Em 2003, antecipando a vinda de Frode Gjerstad a Portugal, para tocar no Jazz ao Centro - Encontros Internacionais de Jazz de Coimbra, Hernâni Faustino conversou com o saxofonista/clarinetista norueguês. A certa altura a conversa foi interrompida. Frode Gjerstad preparava-se para entrar em digressão.

Hernâni Faustino - Como é que surgiu o teu interesse pelo jazz e a opção pelo saxofone?
Frode Gjerstad - Por volta dos meus 10 anos de idade, o meu pai comprou um gira‑discos para mim e para a minha irmã. Naquela altura havia imensos discos de 78 rotações com tangos, polkas e EPs da história do Benny Goodman, tirados do filme sobre a banda de Goodman. Essa música era completamente nova para mim, eu era uma criança e não percebia praticamente nada de música, mas estas novas sonoridades produziram em mim enorme fascínio. Primeiro porque era uma música alegre e cheia de energia e isso era algo que eu nunca tinha ouvido; depois existia nela uma sensação de liberdade...eram músicos excepcionais e com um dom especial que lhes permitia tocarem juntos de forma espontânea.

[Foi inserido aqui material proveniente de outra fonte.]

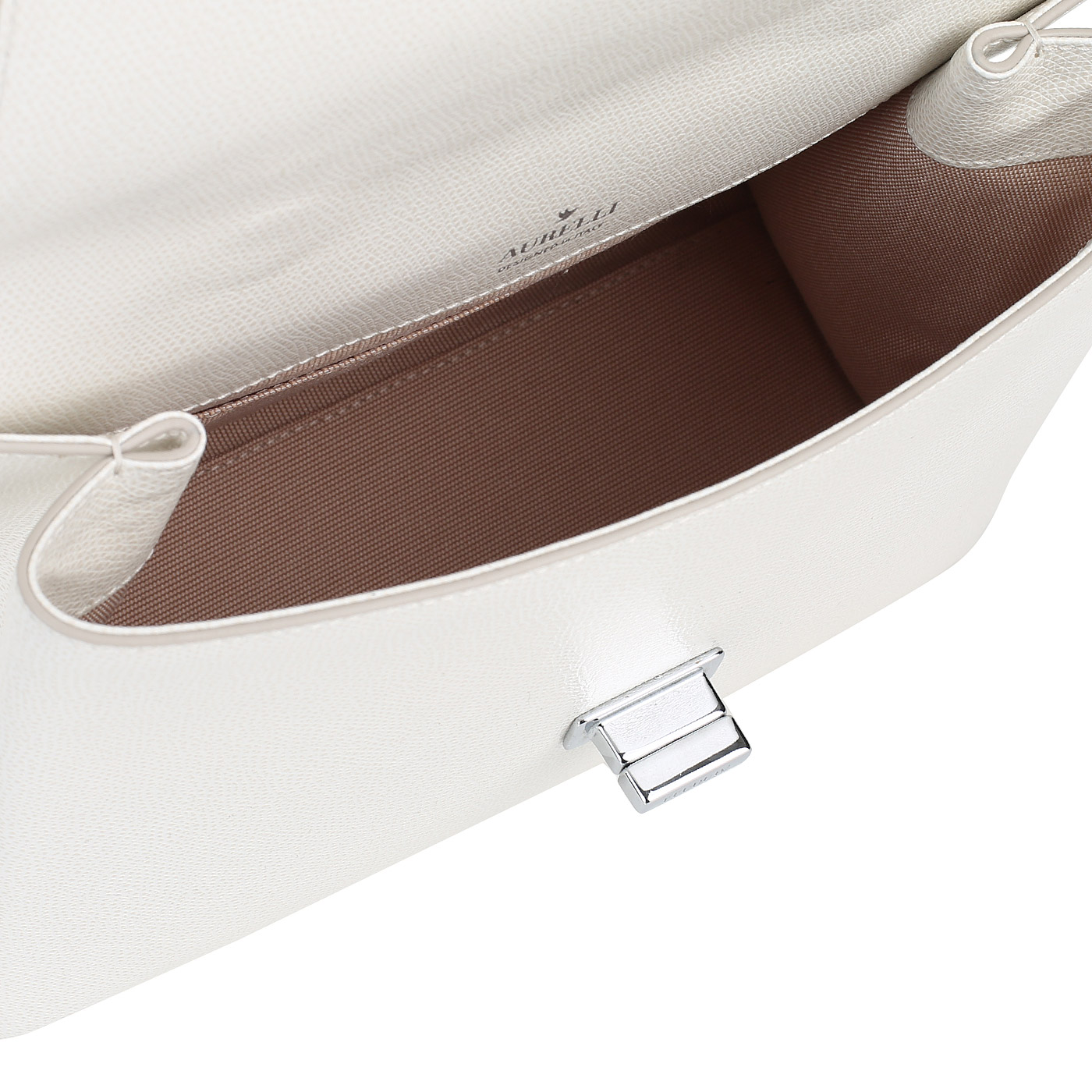 Белая женская сумка через плечо Aurelli Alma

Por esta altura comecei a tocar corneta numa marching band da minha escola, eu gostava muito e tentava tocar como o Harry James, que era o trompetista que eu ouvia nos EPs do Goodman. Um dia, durante um ensaio, o director ausentou-se durante uns minutos e eu sugeri que devíamos fazer uma jam, os meus colegas perguntaram o que isso era e como se fazia, eu respondi "tocamos todos juntos...."; é claro que o resultado não foi grande coisa, o que me deixou algo desapontado... nunca me tinha ocorrido que era necessário aprender algumas regras.
Mais tarde descobri que existia um programa de rádio que todas as quartas-feiras passava jazz. Foi lá que pela primeira vez ouvi, Don Byas, Lester Young, Coleman Hawkins, Louis Armstrong, etc, bem como Eric Dolphy, que tocava flauta como um pássaro. Todos estes músicos possuíam a energia e a alegria que tinha escutado pela primeira vez na banda de Goodman, e tinha a certeza absoluta de que eles sabiam algo que eu desconhecia.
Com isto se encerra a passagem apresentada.